And because this wasn’t even a legal option for solo drivers during rush hour before last week, Layne says there’s been only a little spillover effect clogging other roads with drivers trying to avoid the high tolls, though some drivers complain about more congestion at entry points where commuters are trying to decide whether to get on and pay.

While the peak prices are among the nation’s highest tolls ever charged, some see them as a sign of things to come.

“You definitely are going to see much more tolling both for general purposes, and you’re going to see tolling like the price-managed lanes on I-66 to alleviate congestion,” says Pat Jones, executive director of the International Bridge, Tunnel and Turnpike Association, which represents toll facility owners and operators. Jones says there are already 40 toll facilities in 11 states, including California, Texas and Washington, using dynamic pricing, and many more under consideration across the country. Most tollways with dynamic pricing don’t have a cap or a maximum price, but they sometimes have a minimum price and averages. On Southern California’s I-91, in Orange and Riverside counties, the tolls can reach as high as $25.05.

“I think in fact we are underpaying; we’ve underpriced the highway system and evidence of that is the congestion that we see in our urban areas,” Jones says.

But many Northern Virginia commuters are not convinced, especially those who say carpooling and public transportation are not realistic options for them.

Jaber doesn’t use I-66 and believes “it’s a very unjust system.
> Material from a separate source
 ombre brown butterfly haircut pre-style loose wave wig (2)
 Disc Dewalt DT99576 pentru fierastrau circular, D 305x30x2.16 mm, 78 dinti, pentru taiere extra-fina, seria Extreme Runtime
I think there are a lot of people … that are not going to use it as a reflection of obviously cost and budgeting.”

Urd Milbury, who commutes to and from her job at the Norweigan Embassy, hasn’t taken I-66 yet “and I probably won’t because of the prices. It could be extremely expensive at times, which is probably exactly when I want to go to work.”

Milbury agrees with those who call the high toll prices outrageous and thinks it will be a hardship for some families.

“You’ve got the cost of your car, you’ve got the gas, you’ve got two rounds of tolls,” she says. “It’s not sustainable.”

Meghan Jackson says she and her family “dance around” using the I-66 tollway, taking alternative routes or the Metro subway into the city. “I’m not sure if this fix will really reduce traffic in any way and I’m not really sure if its really of service to those of us living in Northern Virginia who have to get into the city.”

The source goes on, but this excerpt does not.